Contenu
Poche
Réédition
À partir de 13 ans
124 p. ; 19 x 13 cm
ISBN 978-2-211-22268-6
Coll. "Médium"
Malsaine curiosité
C'est un roman dérangeant et angoissant que nous propose ici Christian Lehmann, auteur ô combien habitué à interroger ses lecteurs, et résolu à chaque ouvrage à lui ouvrir les yeux sur le monde, les hommes et leurs travers. Plus que le Mal total et absolu annoncé dans le titre, c'est l'immoralité omniprésente et si bien partagée par des personnages que l'on espérerait très différents qui marque le lecteur. En effet, qui du cinéaste désabusé et lâche ou du général ultra-violent et cynique est le plus à craindre ? Paru pour la première fois en 1998, et récompensé en 1999 par le Prix "Lire au collège", La Nature du mal fascine par le talent de l'auteur a explorer les facettes les plus noires de l'homme, qu'il soit puissant, redouté ou ordinaire.

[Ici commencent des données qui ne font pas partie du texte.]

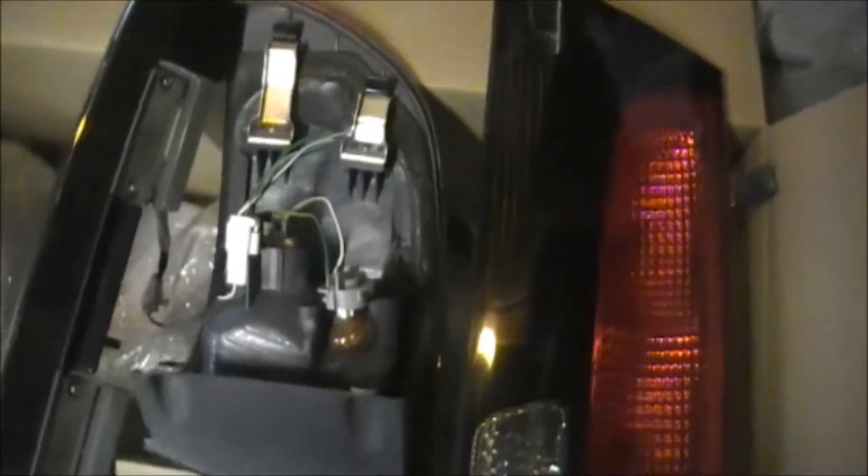Thanks again to the seller who sold them to me. Very happy with how fast the postage was and how well it was packed. Cheers.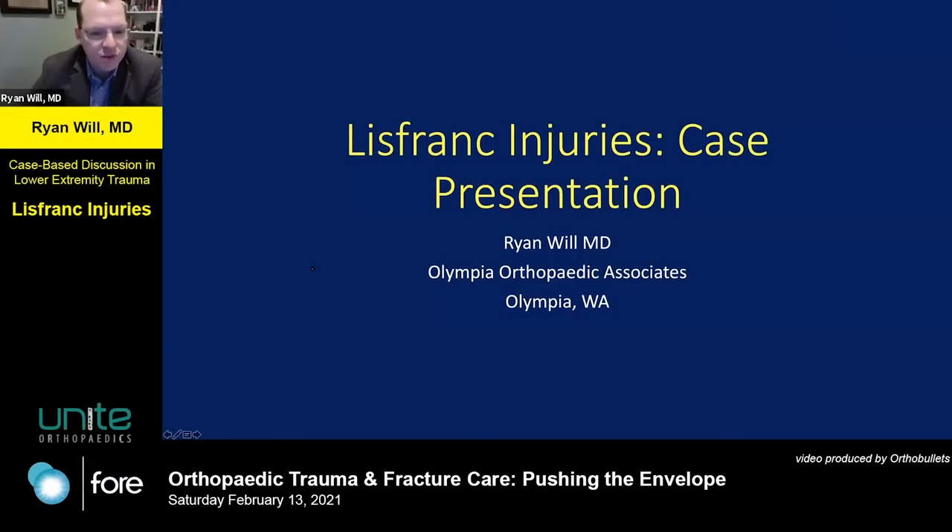I'm Ryan Will, with a practice in Olympia, Washington, and I have a case regarding my take on management of Lisfranc injuries.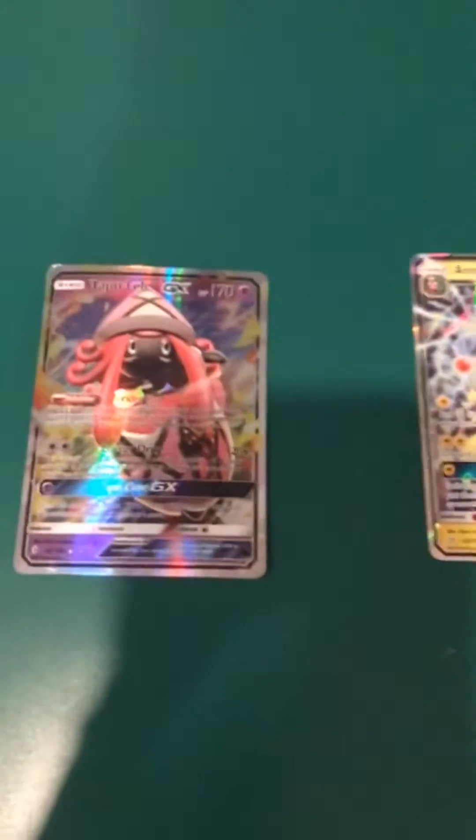Hello everybody and welcome back to a new video. In this video I'm going to teach you how to tell between fake and real Pokemon cards.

Andrieu est cinéaste et s'il a connu le succès avec son précédent film, c'est cette fois à un fiasco qu'il assiste : non seulement son deuxième film est descendu par la critique, mais en plus il semblerait que ses scènes les plus violentes et sanglantes inspirent des meurtres perpétrés dans le sud de la France. Une seule solution pour se faire oublier et sauver ce qui peut encore l'être de sa carrière : accepter (pour les mauvaises raisons ?) une mission d'Amnesty International et aller à la rencontre du colonel Juan De La Pena, un homme réputé pour sa cruauté et ses accès de violence. Cette rencontre va fasciner Andrieu qui a l'impression de rencontrer le Mal incarné en cet homme à l'allure pourtant peu effrayante et à l'histoire si particulière. Lui-même prisonnier du sinistre Castel Morro dont il est maintenant le geôlier, le jeune De La Pena a choisi d'accepter le marché proposé alors, à savoir sauter par une trappe dans les eaux d'une baie infestée de requins plutôt que de mourir entre les murs d'une cellule. S'il fut le premier prisonnier à en sortir vivant, il y laissera pourtant l'une de ses jambes et sa foi en l'humanité. Sauvé par l'opposant au régime d'alors, maintenant devenu dictateur de San Felicio, il en devient le ministre de l'Intérieur et à son tour endosse le rôle du bourreau à Castel Morro, reversant toute sa haine sur les opposants politiques du nouveau régime. Un homme sans pitié et cruel, détestable et redouté, qui pourtant fascine Andrieu, certain d'avoir rencontré ce que l'espèce humaine peut engendrer de pire.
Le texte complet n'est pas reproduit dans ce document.